Our ethical verification approach

Our ethical verification methodology follows three steps: First, clarify the underlying ethical intent of the use case. Second, assess the development process and identify potential ethical risks associated with its use and third, verify that the technical translation (analytic structure, code) aligns with the ethical intent. As a result of our ethical verification process, we found that this additional dimension to the Logib analysis raises ethical and mathematical questions.

First, it is important to understand the underlying ethical logic of the Logib tool. Logib does not define what a “fair” salary might amount to or which criteria are acceptable or legitimate to determine salaries. Rather, Logib aims to prevent a specific type of discrimination, namely gender-based discrimination. It follows a negative definition of fairness, assuming that a salary is fair (other things being equal) if it is not gender-discriminatory. Second, from a statistical point of view, it is important to realize that discrimination detection and salary modelling are two very different goals for an algorithm. Whereas Logib was created to achieve the first goal, the adapted tool tries to achieve the second goal, while using an algorithm created to achieve something different. Just like Logib, the adapted algorithm only includes a selection of justified explanatory criteria. As a consequence, the tool risks identifying not the most discriminated individuals but those, whose salary is not well explained by the algorithm. Third, the Logib algorithm is designed to identify systematic discrimination within a group, not to measure individual discrimination. This finding also holds for the adapted tool. It may find that women earn 12% less on average across the entire company. This, however, does not mean that one particular female employee actually is discriminated against by 12% with regards to her direct male colleague.

Going Forward

We found that the tool developed by our clients cannot directly identify and quantify the most extreme cases of discrimination. Nonetheless, it is able to flag all employees, whose salary is inadequately explained by the model. The list of flagged individuals can serve as a preselection for an in-depth assessment that establishes if specific employees suffer from wage discrimination and if so, to estimate the necessary salary adjustment. Attributing power to human agents, such as managers or HR staff, for this case by case analysis is crucial. The combination of data analytics and human decision-making can prove to be an efficient strategy to eliminate certain cases of discrimination.

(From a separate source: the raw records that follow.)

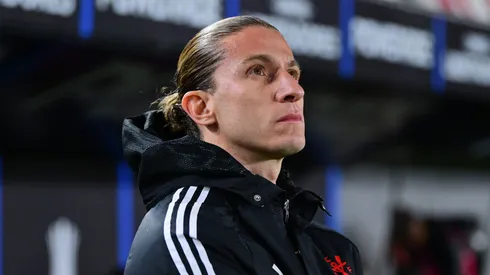 Liverpool monitora Filipe Luís, do Flamengo, pensando no futuro pós Arne Slot. (Foto: Marcelo Endelli/Getty Images)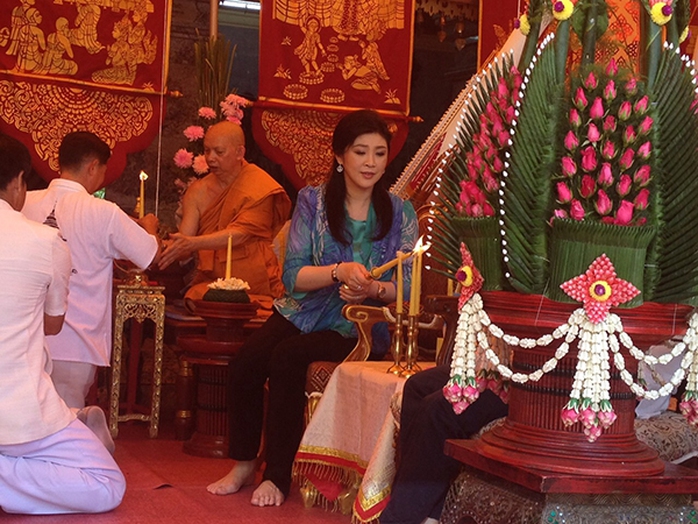 Bà Yingluck tại chùa Wat Phrathat hôm 14-5. Ảnh: Bangkok Post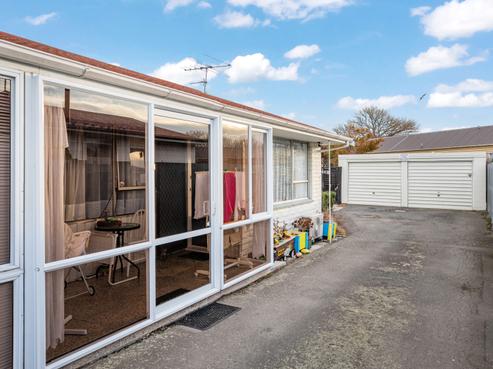 4/71 Hills Road, Edgeware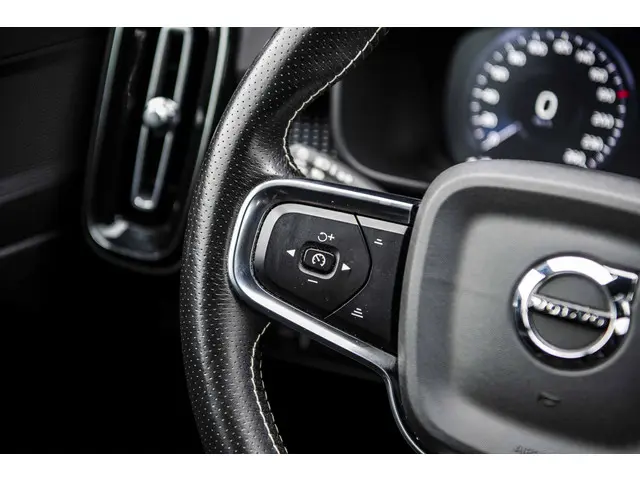 Volvo XC40 1.5 T2 R-Design 2021 Benzine 23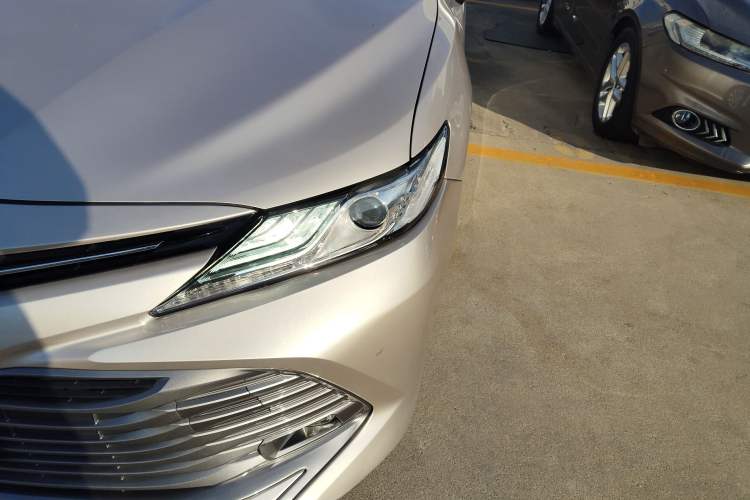 Used Toyota Camry 2018 2.0G Luxury Edition
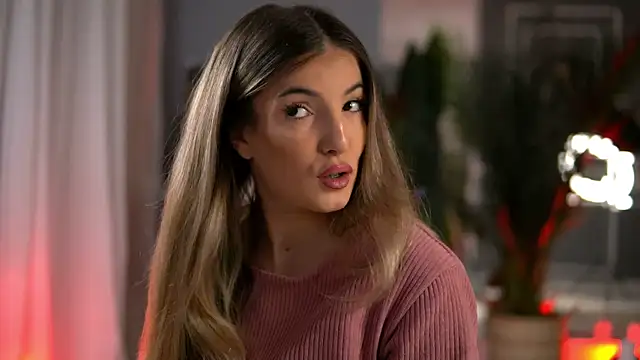 KellyMathews online show from November 2025 03:09:02 AM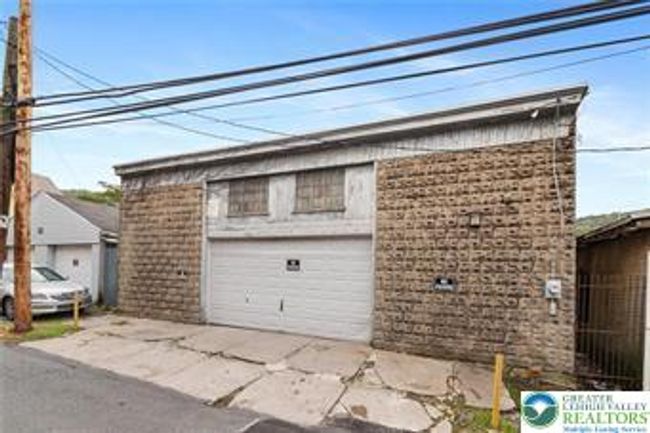 713 E 5 Th St, Home with 6 bedrooms, 2 bathrooms and null parking in BETHLEHEM PA | Image 26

It is crucial that these human agents understand and trust the analysis performed by the adapted tool. Our independent and external verification is a powerful tool to build trust. With our joint expertise in data science and applied innovation ethics, ethix and Swiss-SDI are committed to work together to support Swiss companies to tackle the gender pay gap in their organizations by developing, checking and improving automated salary gap detection tools.